Двенадцатого августа девяносто шестого я в составе сводного батальона нашего полка ждал отправки в Грозный. Август девяносто шестого… Это был ад. Боевики заняли город, вырезали блокпосты. Ежедневные потери исчислялись сотнями. Смерть гуляла над знойным городом… По сусекам полка наскребли девяносто шесть человек и сформировали батальон. Мы сидели на вещмешках и ждали отправки, когда из штаба выбежал почтальон и помчался к нам, что-то держа в поднятой руке. От штаба до взлетки метров пятьсот, мы сидели и смотрели, как он бежит и кричит что-то. И каждый думал: «К кому?» Оказалось, ко мне. «Бабченко… На… У тебя отец умер…» – почтальон сунул мне в руки телеграмму. Тут же подали борт, и батальон стал загружаться. Солдаты шли мимо меня, хлопали по плечу и говорили: «Повезло». Вместо Грозного я поехал в Москву, на похороны.
Отец дважды подарил мне жизнь. Если бы он умер позже на двадцать минут, я бы умер через полчаса – в Ханкале при посадке вертушку расстреляли. Батальон вернулся через месяц. Из девяноста шести человек осталось сорок два.
Вот такая была тогда война.
Все это было здесь, на этом поле.
В Ханкалу я попал только в миллениум. Тоже солдатом, но уже по контракту. Шел дождь, и мы спали у костров под железнодорожной насыпью, укрывшись от ветра снятыми с петель дверями. В полный рост не поднимались, из-за насыпи не высовывались – били снайпера.
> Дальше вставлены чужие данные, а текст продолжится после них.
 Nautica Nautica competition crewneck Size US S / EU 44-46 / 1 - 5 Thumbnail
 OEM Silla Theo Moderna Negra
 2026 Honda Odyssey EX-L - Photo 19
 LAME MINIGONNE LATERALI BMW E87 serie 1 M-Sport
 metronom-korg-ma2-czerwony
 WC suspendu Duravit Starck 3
А потом показалось солнце, и снайпер убил Мухтарова. В отличие от нас, легкомысленных, Муха никогда не снимал бронежилет. Верил – спасет, если что. Но пуля попала в него сбоку и прошла навылет. «С левого бока маленькая дырочка такая, – рассказывал потом Славка. – А справа начал бинтовать, а там нет ничего, аж рука провалилась…» Муха еще какое-то время жил. Но пока искали дымовые шашки, пока вытащили его из-под огня, пока бинтовали, он умер.
В тот день, пользуясь прекрасной видимостью, снайпера убили у нас двоих и ранили еще шесть человек. Мы возненавидели солнце.
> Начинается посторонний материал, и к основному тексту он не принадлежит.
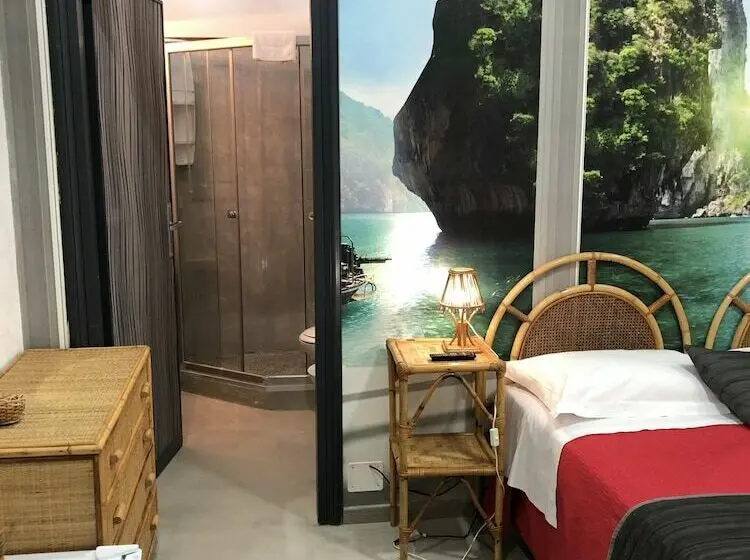 اتاق استاندارد یک نفره, Villa Rosa Dei Venti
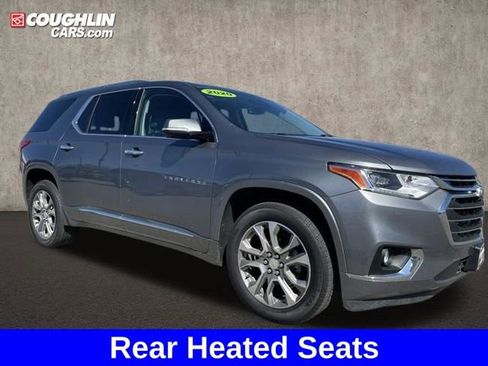 Used 2020 Chevrolet Traverse Premier image 7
Эти две войны убедили меня в незыблемости Чечни. Что бы ни происходило в мире, какой бы гуманизм ни нарождался на свет, здесь всегда будет одно и то же.
Здесь всегда будет война.
Теперь я журналист, и вот я снова здесь. И я не узнаю Чечню.
Сейчас здесь все по-другому. Ханкала разрослась до невероятных размеров. Это уже не база, это город с населением в несколько тысяч, если не десятков тысяч, человек. Частей немерено, каждая отделена своим забором, с непривычки можно заблудиться. Построены столовые, клубы, туалеты, бани. Бетонные плиты уложены в аккуратные ровные дорожки, все подметено, посыпано песком, тут и там развешены плакаты, а портреты президента встречаются чуть ли не на каждом шагу.
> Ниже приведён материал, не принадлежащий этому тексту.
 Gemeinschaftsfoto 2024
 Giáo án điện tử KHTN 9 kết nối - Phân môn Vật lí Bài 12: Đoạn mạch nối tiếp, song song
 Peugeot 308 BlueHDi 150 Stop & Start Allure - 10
Тишина, как в колхозе. Солдаты здесь ходят без оружия и в полный рост, не пригибаясь. Отвыкли. А может, и не слышали выстрела ни разу. В глазах нет ни напряжения, ни страха. Они, наверное, не вшивые совсем и не голодные.
Здесь уже давно глубокий тыл.
Вообще, Чечня удивляет сильно. Республика наполнилась людьми, разбитые глиняные мазанки сменились новыми кирпичными коттеджами, отстроенными богато, в три этажа. По дорогам теперь ездят не только бэтээры, но и «Жигули», а рейсовые автобусы останавливаются около кафе. Вечерами Старые Атаги, Бамут и Самашки светятся не хуже, чем Бескудники.